COLUMBIA, Mo. (AP) — A hush fell over Missouri's Memorial Stadium with 5:17 remaining in the third quarter last Saturday. In an otherwise raucous 36-17 romp over Florida, all anyone suddenly cared about was Henry Josey's health.
The running back lay writhing on the ground, eerily reminiscent of when he tore his left anterior cruciate ligament, medial collateral ligament and patellar tendon two years ago. That led to a missed season and months of painstaking rehabilitation.
Josey knows how his original injury felt, and as trainers tended to him Saturday, he gradually realized this one wouldn't be as serious. The biggest challenge, he said, was getting over his initial shock and getting up to jog off the field — which he did.
"He was scared to death," coach Gary Pinkel said.
More than a few teammates and coaches felt the same way. The No. 5 Tigers (7-0, 3-0 Southeastern Conference) likely wouldn't be undefeated without Josey's team-leading 494 rushing yards.

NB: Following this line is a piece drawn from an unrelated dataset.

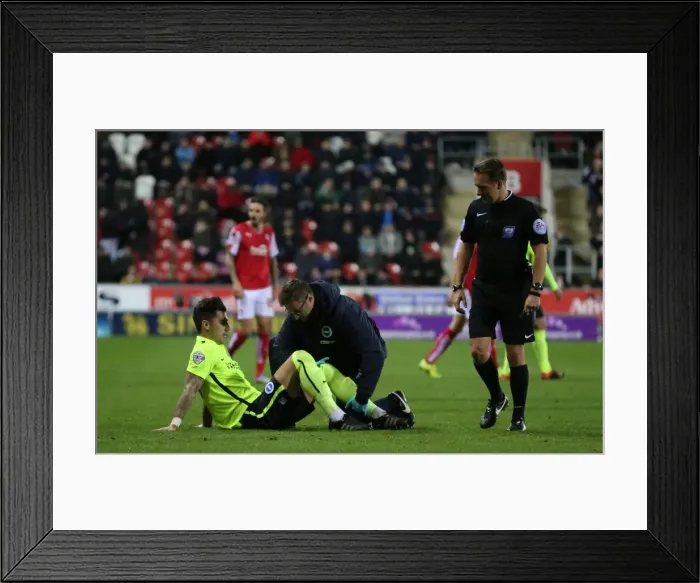 Framed Print : Brighton and Hove Albion's Triumph over Rotherham United in Sky Bet Championship (12 January 2016) Framed Print : Brighton and Hove Albion's Triumph over Rotherham United in Sky Bet Championship (12 January 2016)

Missouri averages 234.4 yards rushing, good enough for second in the SEC.
The 5-foot-10, 190-pound junior paces Missouri's trio of running backs, as sophomore Russell Hansbrough has 438 rushing yards and junior Marcus Murphy has 357. But Josey became the team's only option Saturday after injuries to Hansbrough (turf toe) and Murphy (concussion) earlier in the game, making the situation more tenuous.
All three are expected to play this week against No. 20 South Carolina (5-2, 3-2).
Josey's faith causes him not to worry about re-injuring his knee, though his latest scare was an "eye-opener." He only blames himself for what happened on Nov. 12, 2011, saying it was karma for having taken too much in life for granted.
"Personally, I learned a whole lot from my injury," he said. "And just the way I was going about things. And then how I was living life. (God) showed me what was important to me. And took it away from me. And now I have it back. I don't take anything for granted anymore."
Josey credits a healthy offensive line for his successful return, and in turn rewards them with ice cream during film sessions every Thursday. While he varies what he brings — sometimes Snickers-flavored treats and sometimes Oreo-flavored — the camaraderie is a sign of the team's cohesiveness after a difficult 5-7 season in 2012, the Tigers' first in the SEC.
"That can take a toll on anybody," Josey said. "But it took a toll on me, because I had to be there and also focus on rehab and then try to lift my teammates up. There's a lot of things that are different now."
Now he'll have to elude a battered Gamecocks defensive line that may be without junior tackle Kelcy Quarles, who sprained his right knee at Tennessee after getting four tackles (two for loss) and a sack. The front four will still be plenty stout and it still included standout end Jadeveon Clowney.
"The first half of the season, I don't think he was running 100 percent to where he was fully confident in his knee," receiver Marcus Lucas said of Josey. "But now that he knows that he can take on hits and take different cuts, I think you're going to start to see him excel."
Each week represents another step for Josey, who ran 50 yards on his first carry after the near-injury against Florida. He totaled 136 for the day against a defense that entered allowing only 83.3 per game.
"There's a mental part of me that was broken when I got hurt," he said. "So me being where I am now, I don't feel like anything else can break me. And I don't ever think about anything anymore. I just go do it."